Has anyone setup dataset projections on their audit logs to improve performance? We attempted to setup a dataset projection on our 2 year audit log and it failed during the scheduled build with the following explanation. Our audit log size is about 188G. Looking for suggestions on applying Spark profiles for a very large dataset.
Summary of Failure:
The Foundry build failed due to a Spark-related issue: Missing an output location for shuffle 1 partition 0. This error typically occurs when Spark cannot find or retrieve shuffle data required for the next stage. The root cause could be related to a configuration error, resource issue, or corruption in intermediate shuffle data.
The ExecutorUnreachable exception suggests that a Spark executor might have become unavailable, likely due to memory limits, network issues, or resource contention within the job.
Suggested Fix:
- Check Resource Allocation: The job might require more CPU, memory, or disk space.
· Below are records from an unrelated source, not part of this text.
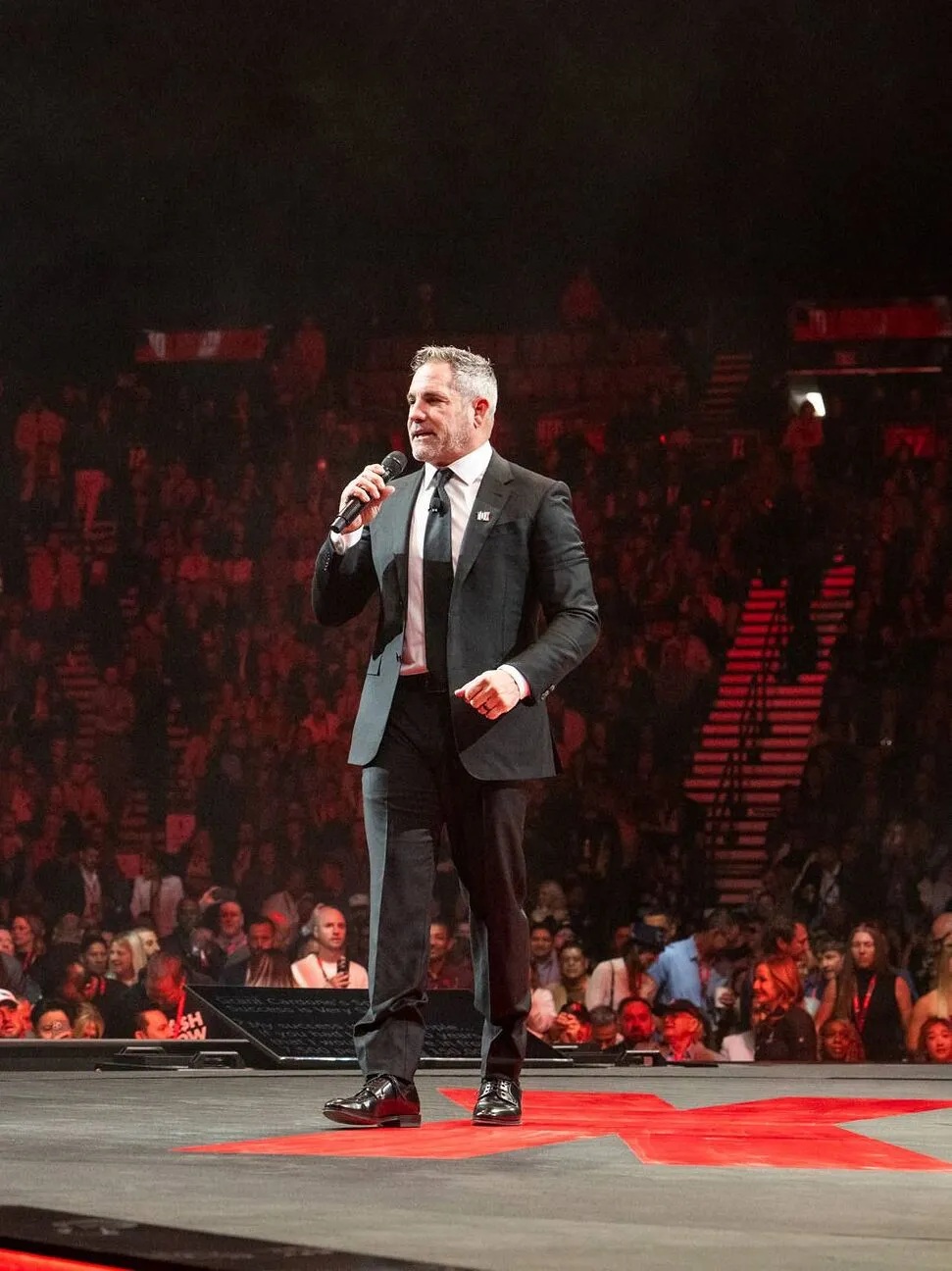 Grant Cardone holding a microphone on stage at the 2025 10X Growth Conference in Las Vegas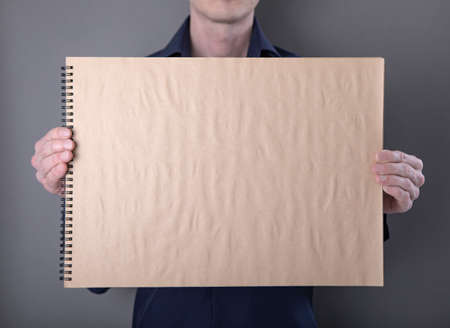 A man in a blue shirt holding a notebook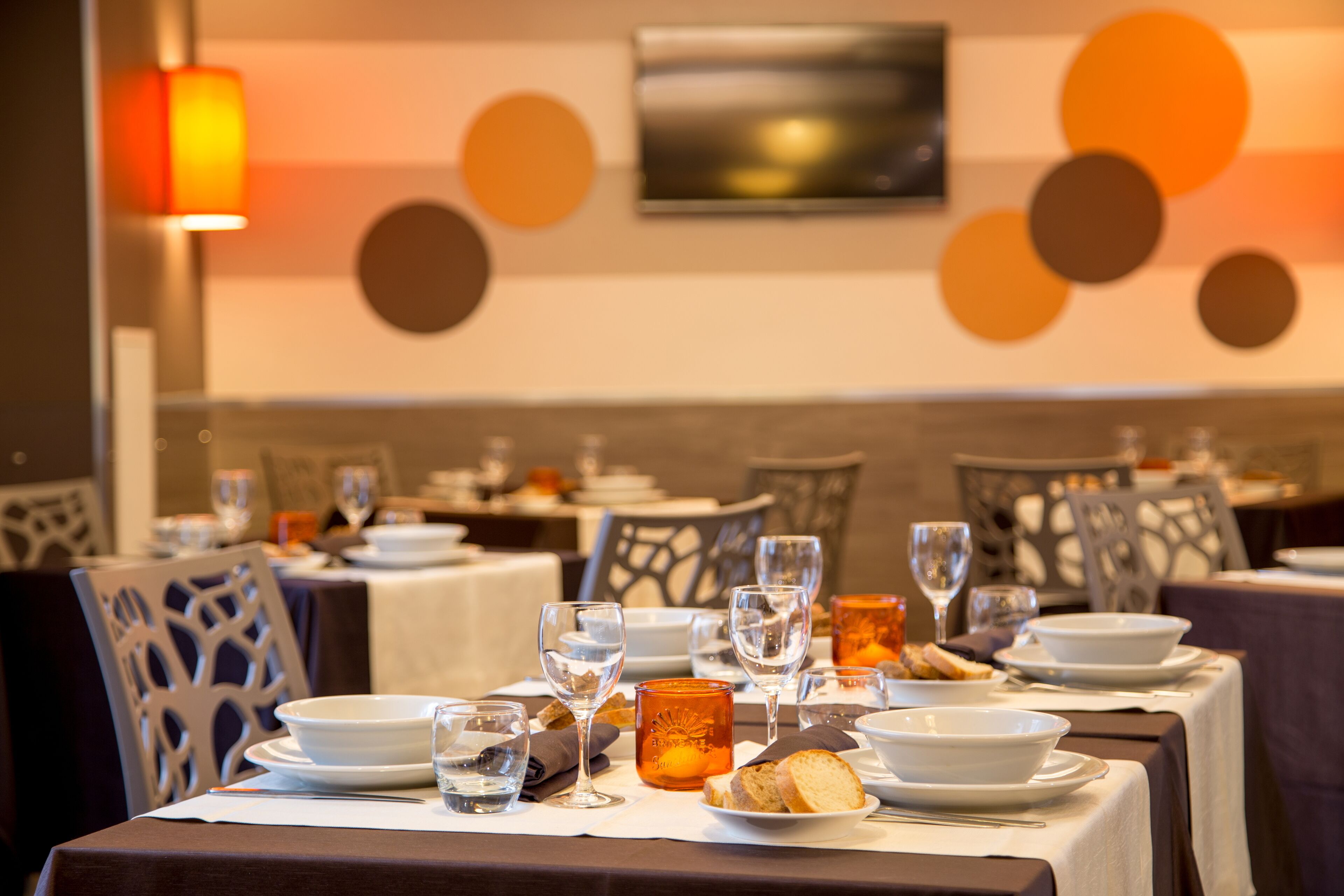 A restaurant interior with tables set for dining, featuring a modern decor with abstract wall art and a warm ambient light.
Ensure that sufficient resources are allocated for the Spark executors to handle the shuffle tasks.
- Retry Job: Sometimes this issue occurs transiently. Retry the job to confirm whether the error persists.
- Optimize Shuffle Operations:
- Consider reducing the amount of shuffle data by filtering or aggregating earlier in your pipeline.
- Adjust Spark configurations, such as increasing
spark.executor.memoryor modifying the number of shuffle partitions (spark.sql.shuffle.partitions).